Petrus‘ Attentäter-Gruppe hat ihre gewisse Sympathien und erinnert mit ihren Possen an das Suicide Squad, nur ein Mitglied namens Pelor (Kristo Immanuel) wirkt dermaßen nervig und tollpatschig in seinen Momenten, dass eigentlich von „The Big 3+1“ die Rede sein müsste, so wie er ständig aus der Patsche gerettet werden muss. Der kühle Leader Topan (Abimana Aryasatya, The Night Comes for Us) und die Sprengstoff-Tüftlerin Alpha (Lutesha, May the Devil Take YouToo) machen dabei eine solide Figur, doch der waffenvernarrte Scharfschütze Jenggo (Arie Kriting) steht sinnbildlich für den geschmacklosen Humor, den der Film an den Tag legt. Hier zwei Beispiele: Die Mündung seines mit einem Frauennamen getauften Scharfschützengewehrs wird in einer Pointe zum Anus einer Frau umfunktioniert und anderswo müssen in einer Hütte zwei Blasrohrpfeile unbedingt in Dinas Pobacken geschossen werden, damit sie von einem Rauschzustand befreit wird. Da kann man sich nur fragen, ob die Drehbuchautoren zu Beginn des Jahres den Netflix-Film „Photocopier“ überhaupt gesehen haben, in dem der Tatbestand des sexuellen Übergriffs im Zentrum der Handlung steht und dabei in Indonesien spielt. Solche Witze sind einfach kontraproduktiv.

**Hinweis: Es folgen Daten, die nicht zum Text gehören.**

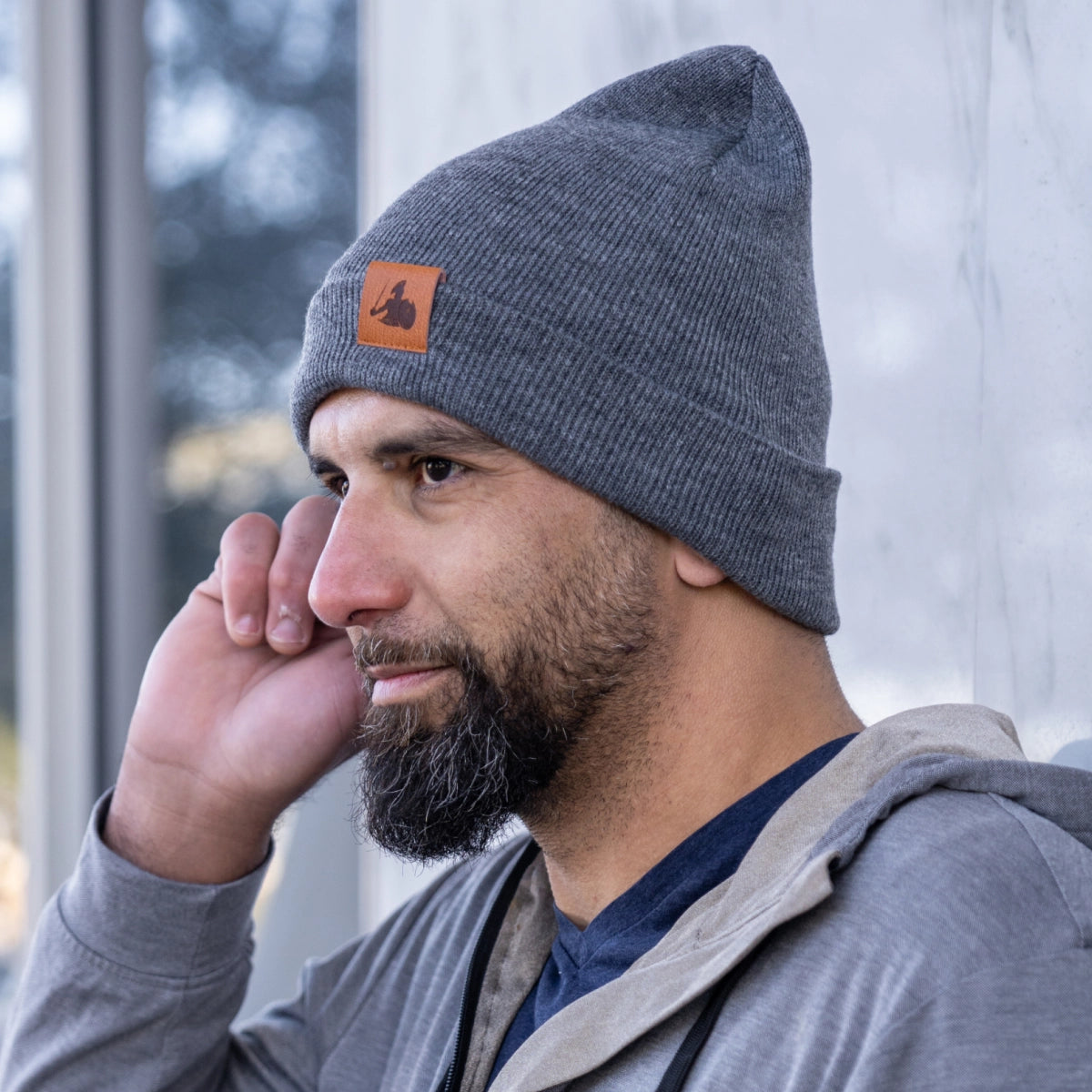 EMF Radiation Protection Winter Beanie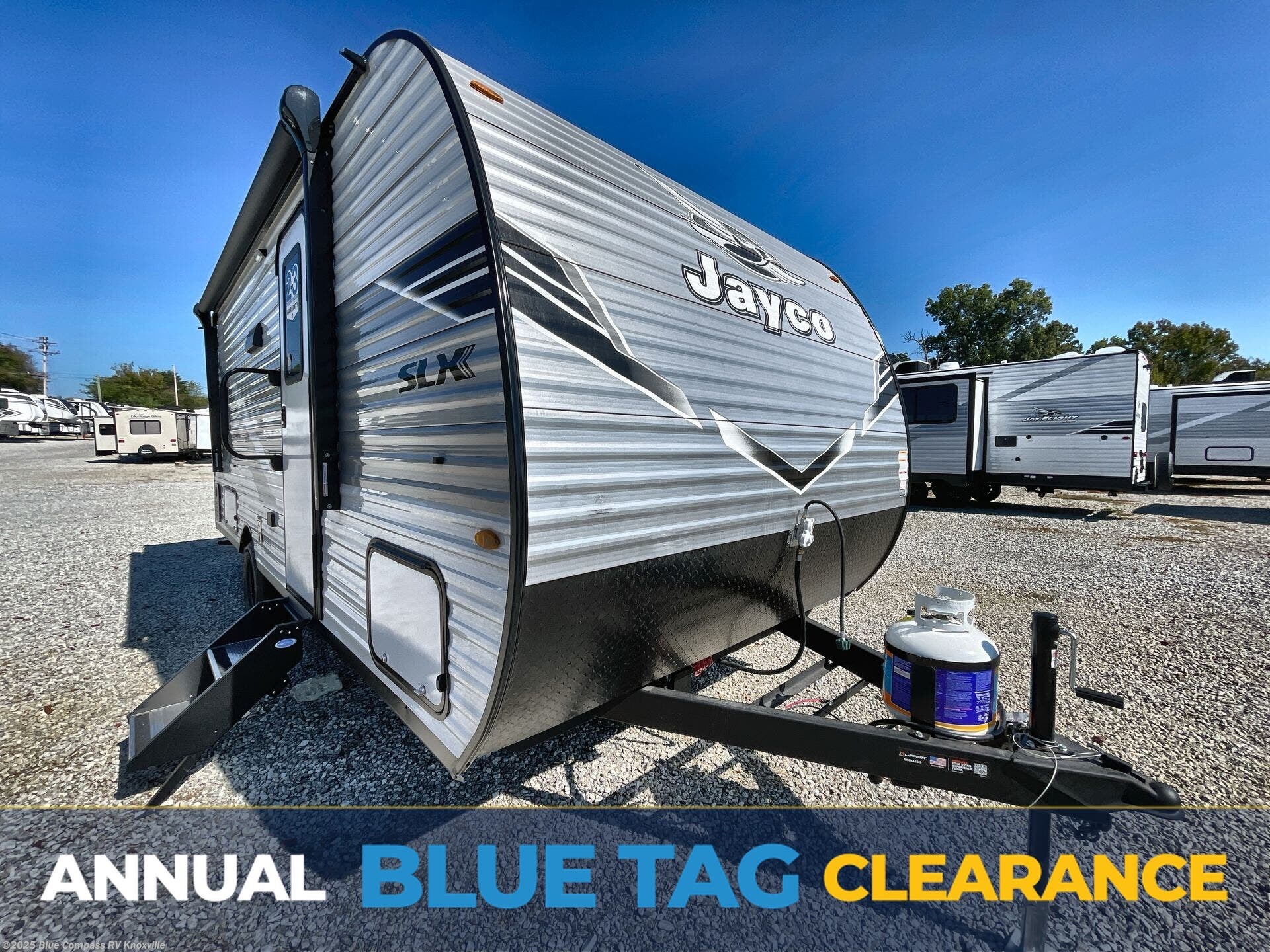 New 2026 Jayco Jay Flight SLX 197MB available in Louisville, Tennessee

Immerhin beherrscht Tjahjanto sein Handwerk in den kreativen Kampfpassagen. Diese haben einen schönen Flow, nur müssen für einige Schusstreffer explodierende Farbbeutel mit roter Farbe sichtbar hinhalten. Frakturen werden weniger eingesetzt, dafür explodieren etliche Körperteile oder gleich ganze Menschen. Leider kommt die CGI dabei nicht gut weg, wobei einige Tode so brutal sind, sodass die hauseigene Altersempfehlung bei Netflix ab 16 Jahren eher aus Vermarktungsgründen getroffen worden ist. Die Action lenkt dankenswerterweise von dem blödelnden Humor ab und in wenigen Bildern gelingt dem Film eine gute Mischung mit der Comedy durch schnelle Kameraschwenks oder einem „Ich bin hier gerade beschäftigt“-Moment. Weniger ablenken tut dies von der ausufernden Laufzeit von 141 Minuten, denn im Mittelteil hält sich der Film mit dem mühseligen Zusammenfinden des Quartetts auf und ein Aufklärungsgespräch zwischen Dina und den „Big Four“ wird mehrfach aufgeschoben. So bewegt man sich inhaltlich behäbig und visuell kontrastreich auf ein Finale zu, das mit einem weiteren, dahingeworfenen Filmsample ein Sequel andeutet. Tjahjanto darf dann den Nachfolger gerne „The Big Four 2“ nennen, wenn er das Drehbuch ordentlich reduziert oder am besten gleich einer anderen Person überlässt und diese Art von Humor beiseiteschiebt.
Fazit
Inspiriert von seinen vorangegangenen Action-Krachern sowie Agenten- und Antihelden-Ensembles probiert sich Regisseur Timo Tjahjanto in „The Big Four“ an einer knallharten Action-Krimi-Komödie, die deutlich zu lang und ein tonales Durcheinander geworden ist. Ausgerechnet der neu hinzugefügte Humor grätscht mit diversen Blödeleien und Sexismus in den überschaubaren Racheplot hinein. Die Darsteller geben, bis auf zwei Figuren, eine ordentliche Performance ab und die intensiven Kämpfe sind der große Pluspunkt des Films, wenn auch die digitalen Effekte die Präsentation trüben.